# Sunday, 4th November



## Sundancers (Jun 20, 2012)

Alright ... It is about that time again ...

Remember : Spring Forward, Fall Back. Clocks go forward in the Spring and back in the Fall.

Smoke Alarms
Before you do anything use this opportunity twice a year to check your smoke alarm batteries. Having a smoke alarm in your house is all very good but if your batteries are flat then it isn't going to help to save your life in a fire.

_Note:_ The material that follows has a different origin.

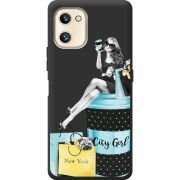 Прозрачный чехол BoxFace Umidigi F3S City Girl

(Sigh) Come on folks ... even if you do not need to change the clock ... change the batteries and give it a good dusting.










Alright ... carry on


----------



## fuzziebutt (Aug 7, 2012)

Give 'em a good dusting? Naw, they won't match the rest of the place.


----------



## kaufranc (Oct 3, 2012)

Good one, Fuzziebutt!
Same at my place !!


----------



## rob (Jun 20, 2012)

is that when the clocks go back ? we put them back last weekend here.


----------



## Roslyn (Jun 21, 2012)

The time changes kick my a$$ every time!! I just get my body clock settled when the next one rolls around!!


----------



## ChickenAdmin (Jun 4, 2012)

This time change messes me up. I'm hungry but don't want to eat. It's an odd thing.


----------



## EmmaJB (Oct 23, 2012)

Ours changed a week last Saturday night (well Sunday 0100). I thought they changed the same time everywhere lol 

X


----------



## ChickenAdmin (Jun 4, 2012)

Where do you live?


----------



## EmmaJB (Oct 23, 2012)

Uk  still not used to the time change!

X


----------



## EmmaJB (Oct 23, 2012)

The times on this forum still haven't changed by the way, I'm actually posting this at 22.37 not 23.37 

X


----------



## rob (Jun 20, 2012)

i dont know why they even bother to change them.


----------



## Roslyn (Jun 21, 2012)

rob said:


> i dont know why they even bother to change them.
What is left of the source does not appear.